Wednesday, 8 March 2017

6th March - 10th March 2017

This is the final week of our project, so we aim to start testing and the documentation. We met with our supervisor on Wednesday to discuss some queries we had and also to update him with how the overall project is going.

During last week, we encountered some issues when setting up a sever to host our web application which set us back a little bit time-wise. This was due to some problems setting up the initial NGINX and uWSGI confiuration on AWS. Once that was established, however, further problems with connecting the AWS namespace servers to the domain name complicated matters. Finally, a problem with ssh-ing into the AWS instance made it impossible to work on the server configuration as troubleshooting why we weren't able to ssh into the instance was leading nowhere. Having already had problems setting up the intial NGINX and uSWGI configuration, going back to scratch would have been too much. However in a meeting with our supervisor, he advised us to scrap the idea of using the online server and just use the django development server on localhost instead for the demo. With that coming into play, we were able to focus on the presentation of the user interface and begin testing.

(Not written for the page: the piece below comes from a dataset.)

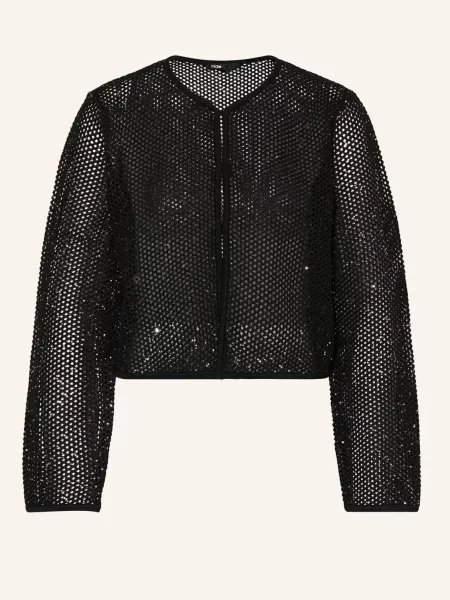 Maje Sweter Z Błyszczącą Przędzą I Cekinami schwarz czarny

We developed a simple two page website which has a form for submission of the brand campaign details. The page then automatically redirects to the results page which would show the tree of tweets and the various analysis results in the next page. We chose to do a minimal website for ease of use while still maintaining high design standards. 

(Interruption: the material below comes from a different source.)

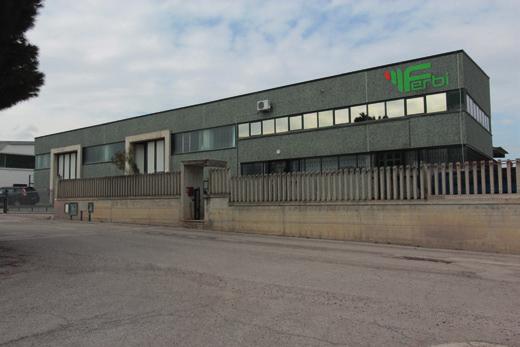 L Azienda FERBI è un officina di produzione di prodotti biocidi con la sede operativa a Mosciano Sant Angelo, in provincia di Teramo.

As for the graph representations of our analysis results, we finally settled on using the "graphos" python package which implements several different javascript graphing libraries into python to be used in django web development specifically. This eased our workload considerably as Plot.ly, which we had mentioned looking into before, proved to be too much of a hassle to integrate with django as it produced a separate html file for view the generated graphs. If we were to use that, we would have had to render or redirect the user to a different page, thus needing to resolve a different url and a different view which we thought would have put the design down in terms of leaving all the graphs and results on one page for ease of access. In contrast the "graphos" package allowed us to integrate all the results in one page, lessening the amount of click-throughs and page redirection needed. 

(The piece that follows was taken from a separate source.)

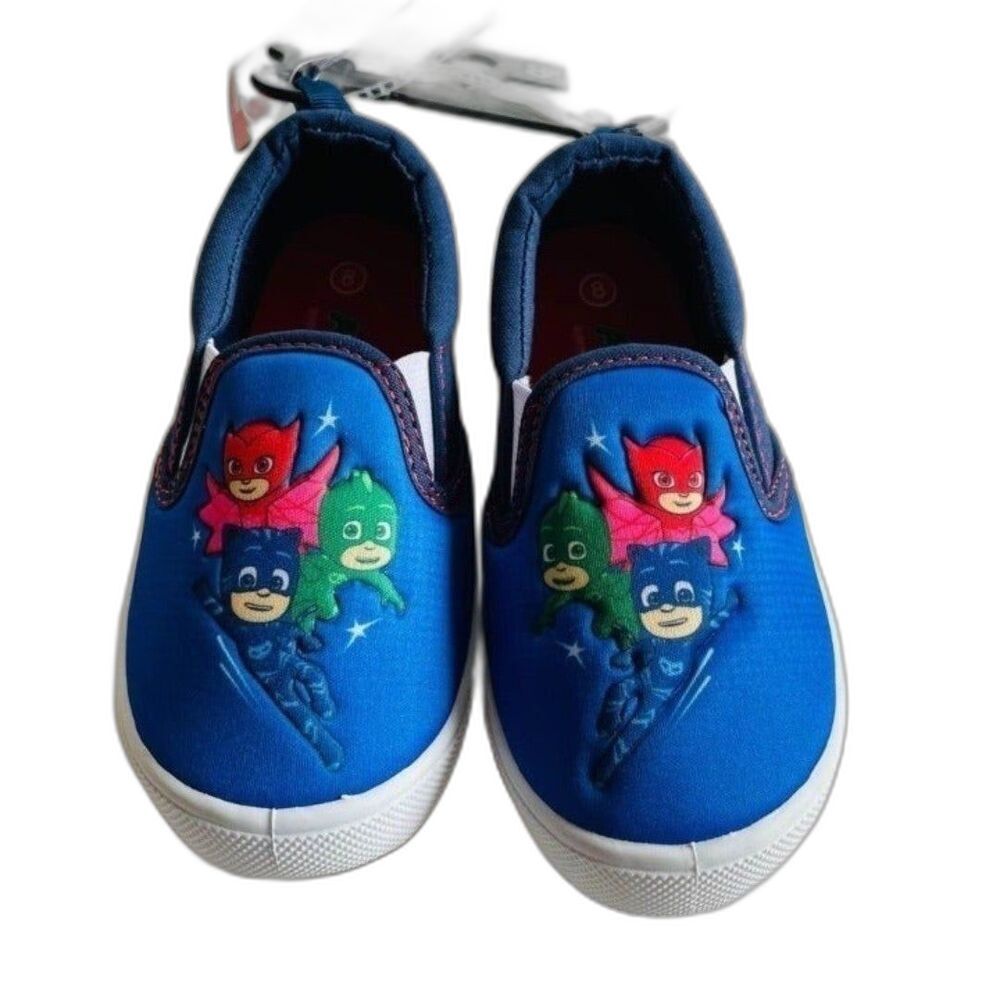 Pj mask kids slip on shoes Size 6 toddler. New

So now our main goal for the rest of this week is to make the user interface more appealing, complete all necessary documentation, finish testing and create the video walkthrough before the deadline on Friday.

Sunday, 5 March 2017

28th February - 5th March

From the 28th February to 3rd March we finished up on implementing the analysis phase of the project as we planned beforehand.

Progress:
The following analysis methods have thus far been implemented in python:

  • Average number of replies
  • Most influential reply in the tree
  • Count per hour of replies since original tweet was posted
  • Basic sentiment analysis
  • An interactive map representation of locations of replies

Tree Visualisation
We have started to develop a module to handle creating the visualization part of the tweets tree. Initially, in our project spec (functional spec) we were looking into using gephi/gexf file format to represent the node in HTML. However having further researched into it, the area of XML styling is a bit hard to grasp. Installation and use of this gexf file format is a bit vague and our initial try-runs of sample code yielded no results.  

We finally decided to use the D3 javascript library as they have an extensive gallery of examples in the cases of representing data visually. For our tree to be represented in javascript the format of the data needed to be in a nested json object. Converting our tree to this structure proved to be a little hard to do since we chose to do it recursively. Initial attempts so only the first few levels of the tree being displayed but threads that went deeper were cut off in the first few levels. We finally realised that the problem ended up being the order in which the tweets were being collected. Since they were collected in reverse time of the original tweet, our attempts to append each node to their respective parent in the nested json format failed because their parents weren't attached to the root json object in the first place. To remedy this we simply changed the collection from the built-in method in the anytree package 'PreOrderIter' to just the collection of 'root.descendants'. 

Graphs
During our implementation of the "count per hour" function and the interactive map we used the python package matplotlib and basemap in order to represent the data in graphs. However, this would not work in integrating those graphs with the workflow of the django framework. That is computing the graphs and then passing them in as part of the 'context' to be rendered in the views.py. In our research we came across Plot.ly as an alternative.